Yenidoğan bebeklerin günde 8 – 12 kere bezinin değiştirilmesi gerekebilir. Ciltleri hassas olduğu için, pişik gibi cilt sorunları ile karşılaşmamak adına, sık sık bezinin değiştirilmesi sağlıklı olacaktır. Kullanılacak bezin bedenine uygun ve hava alıyor olmasına dikkat edilmelidir. Islak mendil ve pişik kremi kullanılacaksa, en doğal ürünler tercih edilmelidir. Eğer her alt değiştirme sırasında bebeğinizin poposunu yıkayacaksanız, sabun gibi tahriş edici malzemeler kullanmamalı, sadece saf su ile temizlik işlemini gerçekleştirmelisiniz.
Eski bir Şaman geleneği olan kırk uçurma, bebeğin sağlığı açısından kritik bir süreç olan ilk 40 günün tamamlanmasının ardından yapılan bir takım ritüellerdir. Dini bir adet olmasa da sosyal bağları güçlendirdiği için günümüzde hala sevilerek uygulanmaktadır.
Kırk uçurma, kırklama ya da kırk çıkarma olarak bilinen bu eski gelenek, genel olarak bebeğin 40. gününde anne ile yıkanması ve beraber aile gezmesine çıkmalarıdır. Ancak bu banyo esnasında ve aile gezisinde uygulanan birçok ritüel bulunur.

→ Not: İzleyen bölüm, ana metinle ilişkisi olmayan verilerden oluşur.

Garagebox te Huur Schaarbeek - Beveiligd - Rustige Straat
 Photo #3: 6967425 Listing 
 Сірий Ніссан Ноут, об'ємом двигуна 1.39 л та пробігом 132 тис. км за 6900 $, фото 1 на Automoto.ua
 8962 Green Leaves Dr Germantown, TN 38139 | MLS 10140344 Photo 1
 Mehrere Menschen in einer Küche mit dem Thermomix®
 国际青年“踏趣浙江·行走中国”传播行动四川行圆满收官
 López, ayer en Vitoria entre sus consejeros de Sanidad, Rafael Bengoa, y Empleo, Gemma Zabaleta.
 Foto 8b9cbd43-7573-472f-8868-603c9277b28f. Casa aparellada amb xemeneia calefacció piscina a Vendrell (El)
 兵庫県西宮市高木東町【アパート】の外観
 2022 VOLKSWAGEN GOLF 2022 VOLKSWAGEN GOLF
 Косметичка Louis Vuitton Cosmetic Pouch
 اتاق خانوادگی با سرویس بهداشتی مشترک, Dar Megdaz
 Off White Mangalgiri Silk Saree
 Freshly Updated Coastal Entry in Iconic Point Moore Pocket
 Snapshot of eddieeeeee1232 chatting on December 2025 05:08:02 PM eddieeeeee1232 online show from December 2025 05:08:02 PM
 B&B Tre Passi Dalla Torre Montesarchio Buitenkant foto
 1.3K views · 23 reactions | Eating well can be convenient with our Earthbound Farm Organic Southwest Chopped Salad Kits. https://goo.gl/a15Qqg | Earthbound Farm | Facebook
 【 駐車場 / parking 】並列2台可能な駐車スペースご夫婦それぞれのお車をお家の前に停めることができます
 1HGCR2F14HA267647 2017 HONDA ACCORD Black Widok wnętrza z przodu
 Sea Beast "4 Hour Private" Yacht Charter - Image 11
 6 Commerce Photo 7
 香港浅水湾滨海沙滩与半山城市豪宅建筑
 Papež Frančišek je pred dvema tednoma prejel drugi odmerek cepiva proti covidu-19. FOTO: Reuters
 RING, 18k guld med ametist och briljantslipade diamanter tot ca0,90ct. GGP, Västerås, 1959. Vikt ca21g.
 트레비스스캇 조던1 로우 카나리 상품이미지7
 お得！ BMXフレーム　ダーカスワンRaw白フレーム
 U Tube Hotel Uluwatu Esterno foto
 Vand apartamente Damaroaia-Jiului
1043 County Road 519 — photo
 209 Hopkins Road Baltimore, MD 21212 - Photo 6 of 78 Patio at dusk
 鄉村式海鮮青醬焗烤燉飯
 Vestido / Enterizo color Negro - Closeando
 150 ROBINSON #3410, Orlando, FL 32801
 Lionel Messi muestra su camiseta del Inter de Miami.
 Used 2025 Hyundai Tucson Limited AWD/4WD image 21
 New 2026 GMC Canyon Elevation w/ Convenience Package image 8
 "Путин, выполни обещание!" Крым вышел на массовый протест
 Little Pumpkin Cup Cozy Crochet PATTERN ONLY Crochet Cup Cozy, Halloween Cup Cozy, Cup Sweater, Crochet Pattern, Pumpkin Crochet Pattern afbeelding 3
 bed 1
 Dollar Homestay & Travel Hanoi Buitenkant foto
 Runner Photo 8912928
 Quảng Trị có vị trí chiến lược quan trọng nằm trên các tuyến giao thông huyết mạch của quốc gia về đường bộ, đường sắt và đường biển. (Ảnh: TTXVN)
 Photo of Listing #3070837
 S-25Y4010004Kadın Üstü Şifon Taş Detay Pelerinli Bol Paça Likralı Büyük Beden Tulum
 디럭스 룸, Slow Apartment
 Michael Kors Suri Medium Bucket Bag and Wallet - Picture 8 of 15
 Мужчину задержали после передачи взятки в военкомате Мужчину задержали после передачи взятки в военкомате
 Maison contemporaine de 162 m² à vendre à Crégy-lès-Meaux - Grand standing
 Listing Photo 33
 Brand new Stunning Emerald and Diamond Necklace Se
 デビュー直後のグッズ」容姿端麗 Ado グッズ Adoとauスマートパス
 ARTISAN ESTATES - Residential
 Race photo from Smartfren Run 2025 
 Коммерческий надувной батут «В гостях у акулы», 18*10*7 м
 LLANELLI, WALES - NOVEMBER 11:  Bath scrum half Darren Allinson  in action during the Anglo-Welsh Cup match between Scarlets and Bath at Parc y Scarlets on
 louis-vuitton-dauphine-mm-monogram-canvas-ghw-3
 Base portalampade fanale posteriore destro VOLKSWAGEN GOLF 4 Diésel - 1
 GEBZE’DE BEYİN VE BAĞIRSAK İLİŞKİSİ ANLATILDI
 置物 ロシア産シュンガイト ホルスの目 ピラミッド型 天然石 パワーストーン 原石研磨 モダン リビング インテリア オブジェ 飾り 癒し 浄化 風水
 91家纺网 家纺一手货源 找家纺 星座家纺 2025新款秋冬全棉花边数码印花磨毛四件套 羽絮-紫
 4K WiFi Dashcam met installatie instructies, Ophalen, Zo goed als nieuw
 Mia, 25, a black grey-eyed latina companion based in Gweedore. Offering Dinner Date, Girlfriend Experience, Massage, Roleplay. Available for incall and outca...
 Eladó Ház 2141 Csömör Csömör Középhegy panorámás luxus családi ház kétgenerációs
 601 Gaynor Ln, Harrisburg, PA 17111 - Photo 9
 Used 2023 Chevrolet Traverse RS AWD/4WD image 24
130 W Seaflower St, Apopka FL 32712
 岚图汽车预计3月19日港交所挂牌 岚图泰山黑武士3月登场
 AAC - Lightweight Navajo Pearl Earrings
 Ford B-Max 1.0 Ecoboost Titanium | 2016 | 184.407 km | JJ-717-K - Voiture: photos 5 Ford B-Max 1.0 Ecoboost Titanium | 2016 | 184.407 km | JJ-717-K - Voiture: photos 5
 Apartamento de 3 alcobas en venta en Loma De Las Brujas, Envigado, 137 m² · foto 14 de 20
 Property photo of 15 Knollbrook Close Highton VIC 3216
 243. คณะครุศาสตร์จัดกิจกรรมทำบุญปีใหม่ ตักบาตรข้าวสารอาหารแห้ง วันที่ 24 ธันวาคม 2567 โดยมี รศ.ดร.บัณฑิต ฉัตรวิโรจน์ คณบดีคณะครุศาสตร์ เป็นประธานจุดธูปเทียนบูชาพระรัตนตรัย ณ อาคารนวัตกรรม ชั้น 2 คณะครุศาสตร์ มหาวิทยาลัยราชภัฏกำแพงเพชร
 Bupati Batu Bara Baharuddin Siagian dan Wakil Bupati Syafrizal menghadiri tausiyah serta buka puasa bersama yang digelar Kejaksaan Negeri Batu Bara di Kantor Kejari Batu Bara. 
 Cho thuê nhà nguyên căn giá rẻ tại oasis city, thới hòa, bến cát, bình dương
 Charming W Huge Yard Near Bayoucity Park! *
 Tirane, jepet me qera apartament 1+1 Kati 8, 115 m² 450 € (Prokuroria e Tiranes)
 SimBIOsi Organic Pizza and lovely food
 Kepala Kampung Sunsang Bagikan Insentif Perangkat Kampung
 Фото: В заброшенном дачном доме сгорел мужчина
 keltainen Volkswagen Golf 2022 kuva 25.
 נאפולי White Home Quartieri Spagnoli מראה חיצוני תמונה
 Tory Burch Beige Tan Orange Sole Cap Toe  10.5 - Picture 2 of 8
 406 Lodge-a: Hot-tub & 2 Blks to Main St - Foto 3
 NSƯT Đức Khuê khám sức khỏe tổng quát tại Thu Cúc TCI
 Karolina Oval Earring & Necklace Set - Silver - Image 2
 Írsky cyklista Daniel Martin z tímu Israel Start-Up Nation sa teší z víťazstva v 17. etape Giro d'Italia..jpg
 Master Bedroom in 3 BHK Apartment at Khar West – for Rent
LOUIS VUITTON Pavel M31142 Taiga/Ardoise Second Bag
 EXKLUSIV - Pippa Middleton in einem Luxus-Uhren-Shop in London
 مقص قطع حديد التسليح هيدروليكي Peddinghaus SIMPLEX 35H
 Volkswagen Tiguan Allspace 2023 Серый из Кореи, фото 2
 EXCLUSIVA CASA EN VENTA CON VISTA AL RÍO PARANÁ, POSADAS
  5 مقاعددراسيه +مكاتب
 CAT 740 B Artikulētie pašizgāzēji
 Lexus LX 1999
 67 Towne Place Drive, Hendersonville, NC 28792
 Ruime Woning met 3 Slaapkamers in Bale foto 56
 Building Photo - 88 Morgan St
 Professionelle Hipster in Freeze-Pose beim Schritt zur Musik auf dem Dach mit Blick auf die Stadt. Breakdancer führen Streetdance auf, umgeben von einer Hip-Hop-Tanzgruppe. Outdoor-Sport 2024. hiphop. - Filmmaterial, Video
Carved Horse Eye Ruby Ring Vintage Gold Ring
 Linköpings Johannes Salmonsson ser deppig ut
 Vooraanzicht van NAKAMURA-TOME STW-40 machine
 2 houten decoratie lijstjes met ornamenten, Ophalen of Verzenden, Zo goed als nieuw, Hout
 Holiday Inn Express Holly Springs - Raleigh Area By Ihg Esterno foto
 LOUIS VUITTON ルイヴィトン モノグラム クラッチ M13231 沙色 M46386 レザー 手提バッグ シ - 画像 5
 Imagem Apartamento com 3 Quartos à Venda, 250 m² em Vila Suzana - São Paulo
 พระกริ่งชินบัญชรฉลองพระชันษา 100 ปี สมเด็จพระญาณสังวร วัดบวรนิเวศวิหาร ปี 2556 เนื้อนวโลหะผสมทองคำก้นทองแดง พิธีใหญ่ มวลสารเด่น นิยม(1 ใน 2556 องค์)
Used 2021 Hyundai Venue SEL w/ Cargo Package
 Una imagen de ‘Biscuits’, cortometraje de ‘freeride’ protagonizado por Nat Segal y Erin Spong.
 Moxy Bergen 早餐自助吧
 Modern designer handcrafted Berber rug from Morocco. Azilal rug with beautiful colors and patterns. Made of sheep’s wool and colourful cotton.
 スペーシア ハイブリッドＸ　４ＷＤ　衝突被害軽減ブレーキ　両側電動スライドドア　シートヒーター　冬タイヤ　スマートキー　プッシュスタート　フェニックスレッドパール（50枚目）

Gelenek olarak uygulanan 40 uçurmanın aslında bilimsel bir altyapısı da bulunur. Zira, doğumdan 40 gün sonra hem annenin vücudu toparlanmaya ve dikişleri iyileşmeye başlar, hem de bebek dış dünyaya adapte olmaya hazır hale gelir. Bu nedenle anne ile bebeğin ilk 6 hafta evde istirahat etmesinin uygun olacağı düşünülür.
Fakat bu durum, tamamen anne ve bebeğin sağlığına bağlı olarak değişmektedir. Doktorunuzdan onay alarak eski rutin günlerinize daha erken dönebilirsiniz.